FilterHN

Ask HN: How are you handling data retention across your stack?

4 points

2 days ago

| 3 comments

For people building SaaS with data across multiple systems (S3, DBs, caches, etc), do you actually have a clean way to manage retention/deletion across all of them? (Especially when each customer has custom policies)

Or is it more a mix of lifecycle rules, cron jobs, and manual cleanup?

How are you doing this today? I feel like this is a blocker in enterprise deals when selling to regulated industries.

▲

sinansaka

1 day ago

[-]

S3 lifecycle policies and scheduled RDBMS jobs are the low hanging fruit here.

I used to work at a data platform team and built a cleaning service that used tags and object hierarchy trees to find and clean old PII data. Not an easy thing to do as our data analytics bucket had over 7PiB of data.
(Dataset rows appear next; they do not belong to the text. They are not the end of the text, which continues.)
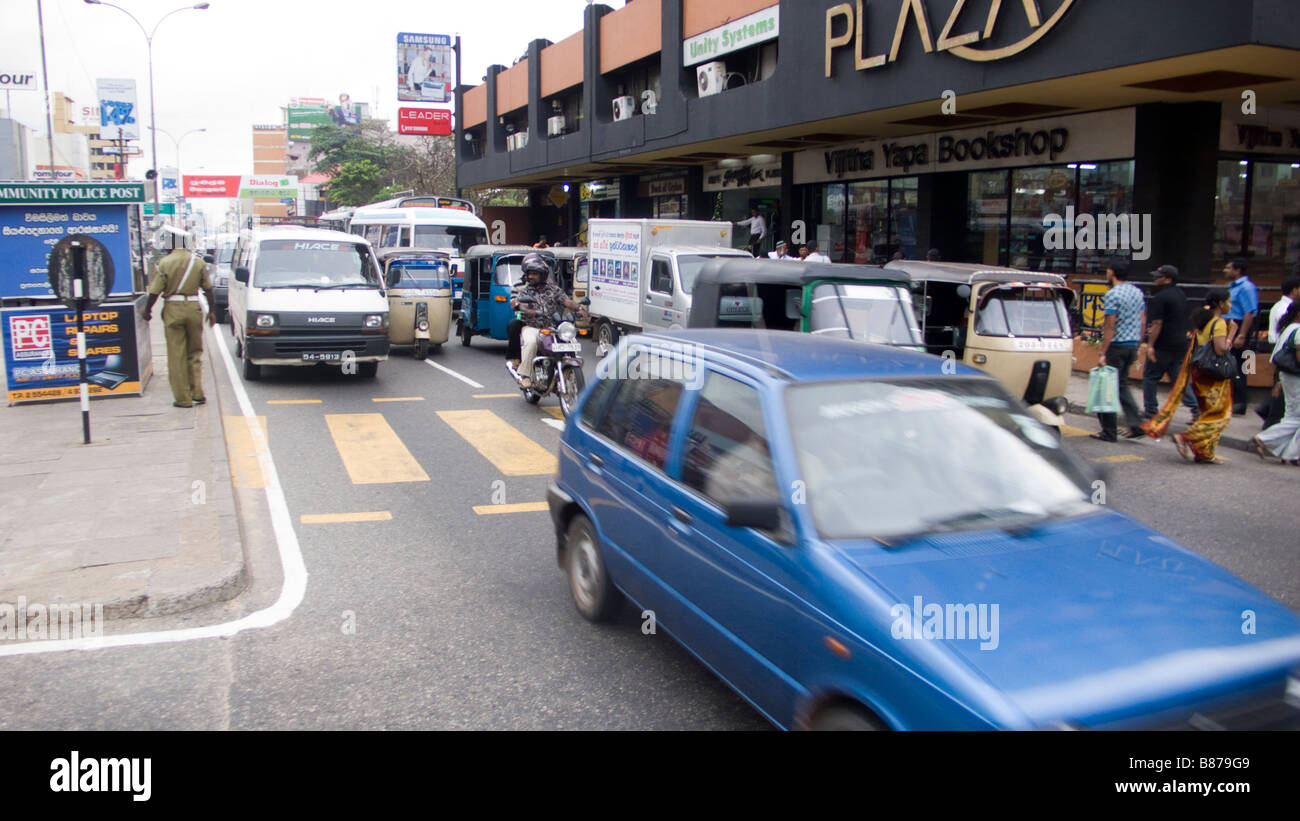 Colombo Sri Lanka caotico traffico nella strada trafficata Foto Stock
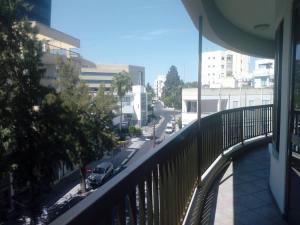 - un balcon donnant sur une rue dans l'établissement Lovely 4-Bed Apartment in Nicosia center, à Nicosie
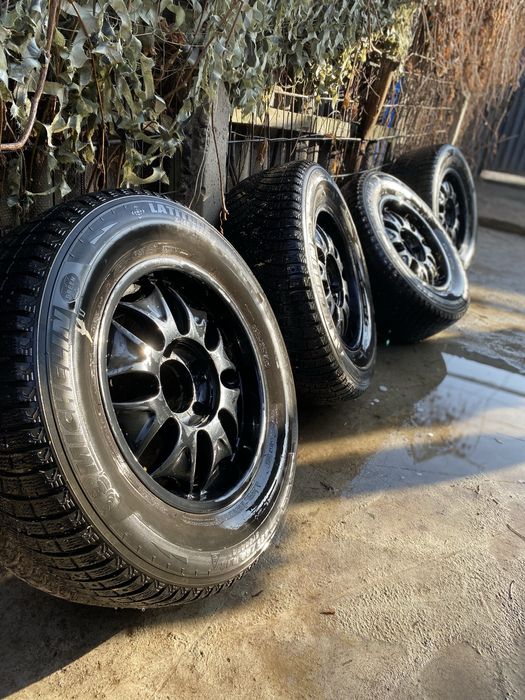 Продам или обменяю шины с дисками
Overall the architecture was based of 3 components: detector, enforcer, cleaner. Detector sifted through the datalake to find PII datasets(llm based), enforcer tracked down ETL of the datasets in our VCS to set appropriate tags/metada(custom coding agent), finally cleaner used search to find and clean the data based on the metadata.

▲

preston-kwei

7 hours ago

[-]

I'm curious about how the LLM-based detector worked. How often did you run into a false positive? (I'm assuming you leaned on the more sensitive side due to the importance of the data)

▲

muzani

1 day ago

[-]

I feel like this should be a service in itself, similar to Heroku or Supabase. Just tick which laws you want to adhere to, upload files to their buckets. Tick another box for audit logs and such and it'll ask you where you need your human in the loop and which buttons those humans need to press. So a bit like Carta or Deel in that sense.
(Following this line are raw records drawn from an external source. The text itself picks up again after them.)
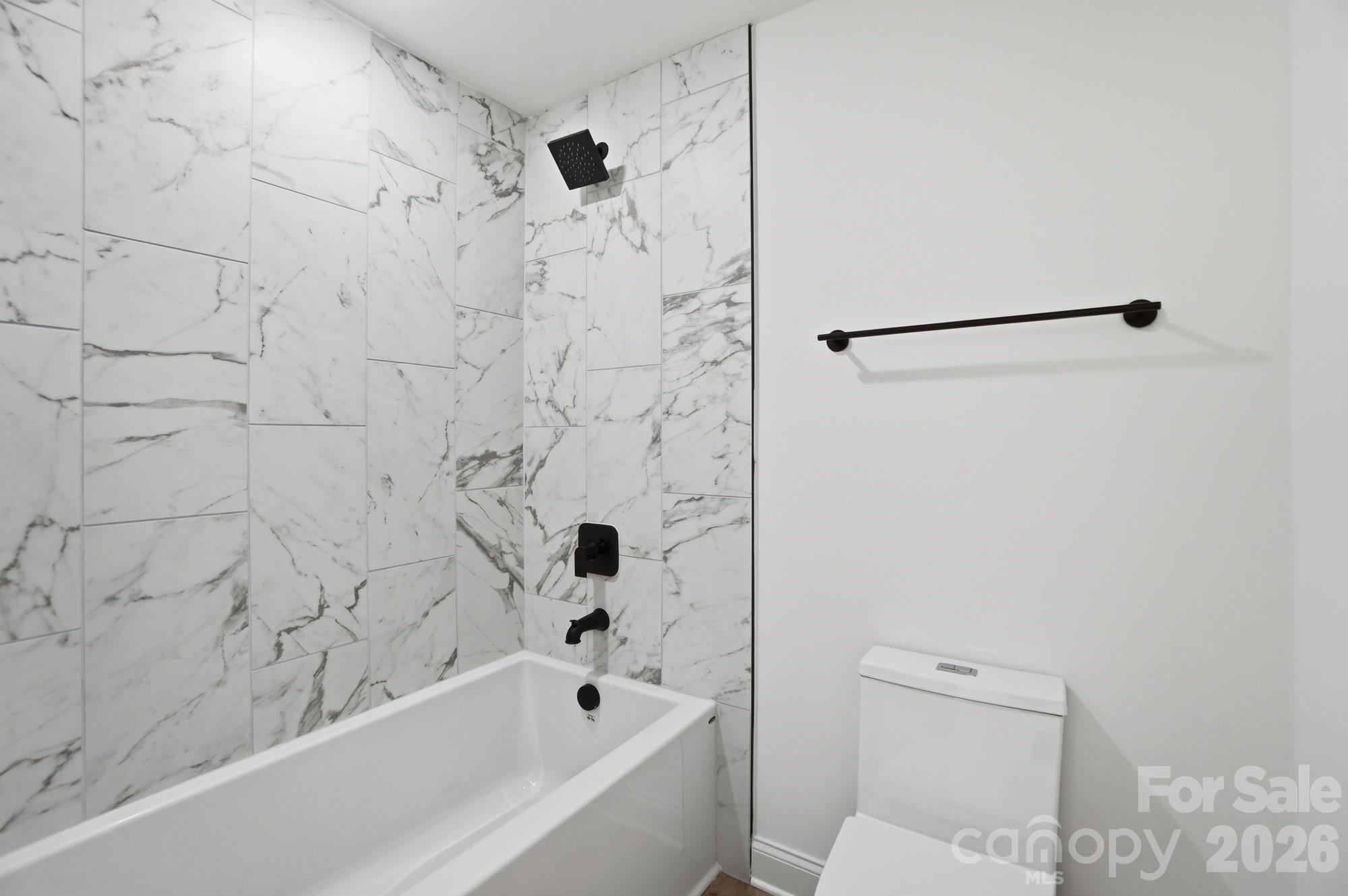 208 Cross Creek Drive Property Photo 27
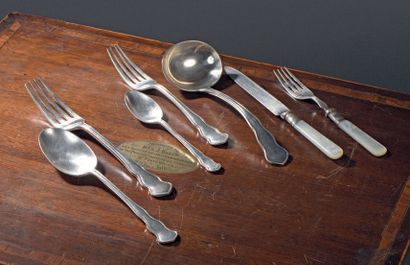 null MÉNAGÈRE en métal argenté comprenant douze couteaux et onze fourchettes de table,...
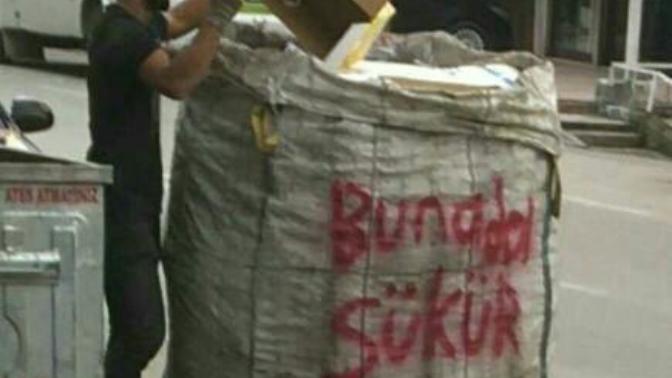 Herkesin bir derdi var; kiminin ekmeği bayat, kiminin pırlantası ufak?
I've had some big enterprise deals fall through because of something like this - military, insurance, fintech, etc.

▲

preston-kwei

7 hours ago

[-]

I agree. I'm trying to sell to enterprise right now and this is a blocker. Basically, my product stores emails in S3, but metadata in Supabase, and caches in Redis. It's all fragmented and super difficult to keep track of. Plus Supabase isn't WORM compliant so it is hard to ensure data doesn't get deleted.

▲

crawlwright

2 days ago

[-]

Mostly cron jobs and lifecycle rules in my experience, it’s rarely clean. S3 lifecycle policies handle the easy stuff but anything touching multiple systems usually ends up as a scheduled job that someone wrote once and nobody fully trusts.

▲

preston-kwei

7 hours ago

[-]

Do you think customers trust it either? I'm trying to differentiate between "good enough" and when enterprise customers actually care. I mean, it doesn't matter until a customer asks for their data.